In a way, it’s similar to Daniel Murphy in 2015. From 2012-2014, Murphy put up OPS marks of .735, .733 and .734. And through games of August 16, Murphy had a .736 OPS. But from 8/17 to the end of the year, Murphy slugged .542 – 140 points above what he had done previously – and that doesn’t even count his post-season exploits. And Murphy carried his big hitting into 2016. Can Cabrera do the same thing in 2017? Here’s what we think:
Cabrera posted a career-high .194 ISO last year, which most of us don’t expect he’ll duplicate. He did this in part thanks to a personal-best 14.0 HR/FB rate. This time, none of us expect a repeat performance. Overall, we project him to be comfortably above his 2013-15 production yet noticeably below his 2016 output. Except for Dalton, who expects him to post an .842 OPS, which is 32 points above last season’s career mark.
Perhaps the most interesting thing is the RBI forecast. We have a range between 44 (me) and 83 (Mike R.), with the majority of people projecting a total in the 60s. Cabrera batted in numerous spots in the lineup last year but settled into the two-hole, where he’ll likely start 2016. The Mets got 73 RBIs from the second spot in their lineup last year, so it’s not unreasonable to think that Cabrera would get most of those.
Here’s what the group thinks Cabrera will do in 2017:
We expect Cabrera to have an OPS 44 points lower than a year ago, yet deliver two more RBIs. We must be anticipating him to be more clutch than he was in 2016. Regardless, this seems like a very reasonable forecast. Let’s see how it stacks up to the computer models:
Steamer is the least optimistic, essentially expecting a return to his 2013-15 numbers. ZiPS projects the most playing time and has the median OPS forecast. And while ours takes our usual optimistic position, it’s right in line with playing time, homers and RBIs to what the computer models suggest.

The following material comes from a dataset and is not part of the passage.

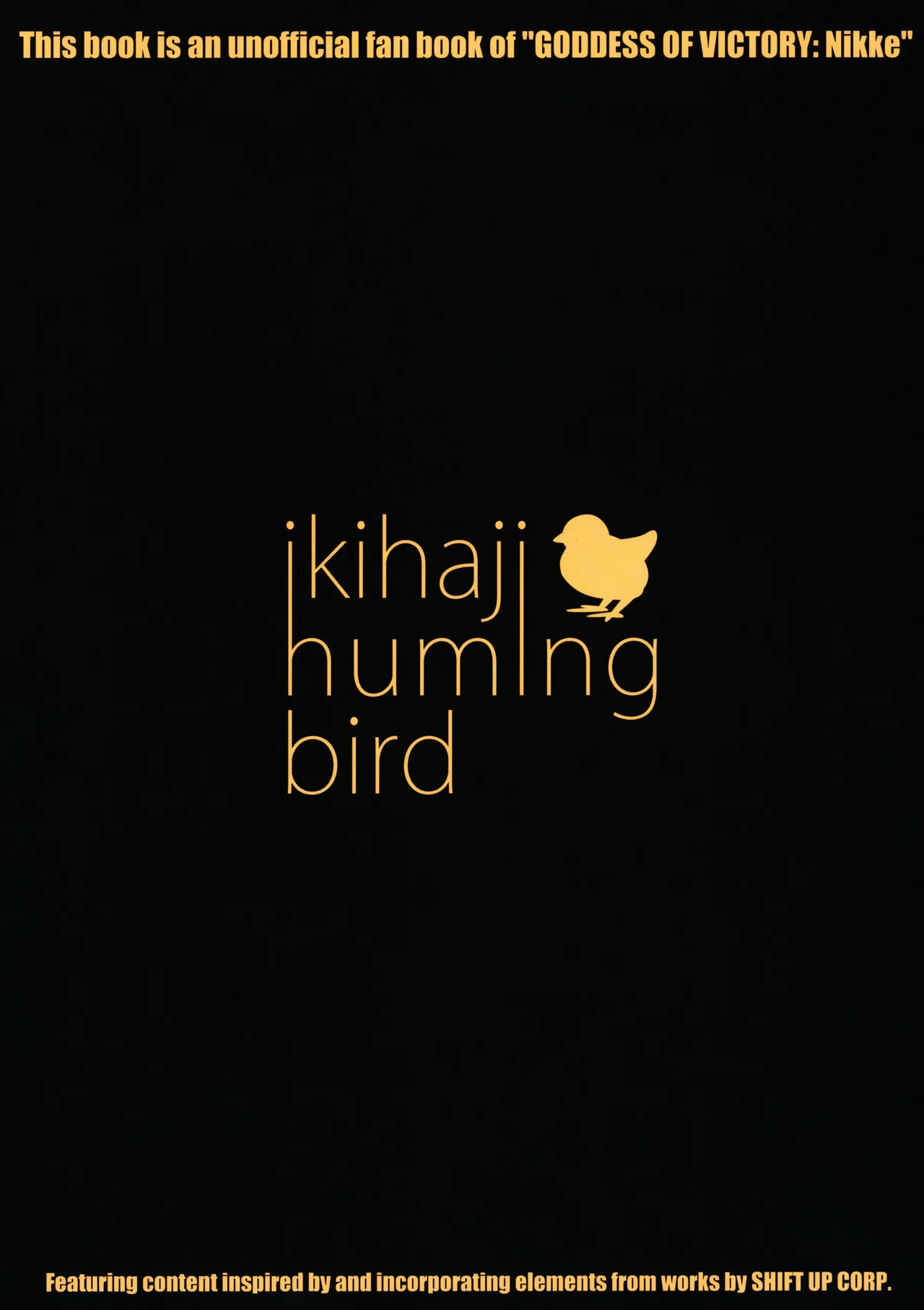 (C105) [Ikihaji Hummingbird (Amano Don)] BUNNIES SHOWDOWN | ENFRENTAMIENTO DE CONEJITAS (Goddess of Victory: Nikke) [Spanish] [ElKrei] Bildnummer 52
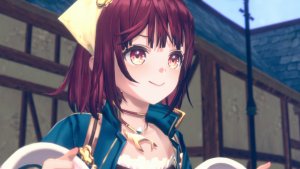 atelier resleriana the red alchemist the white guardian_scr4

The ZiPS comp for Cabrera is Hector Lopez, who was a solid offensive performer before falling off a cliff in his age 31 season. Cabrera turned 31 in November. Lopez went from a 114 OPS+ in 1960 to a 64 mark in the following season, as he went from a .775 OPS to a .596 mark. Ouch. Lopez rebounded in 1962 to a 98 OPS+ but never again reached the marks he had in 1960 and earlier.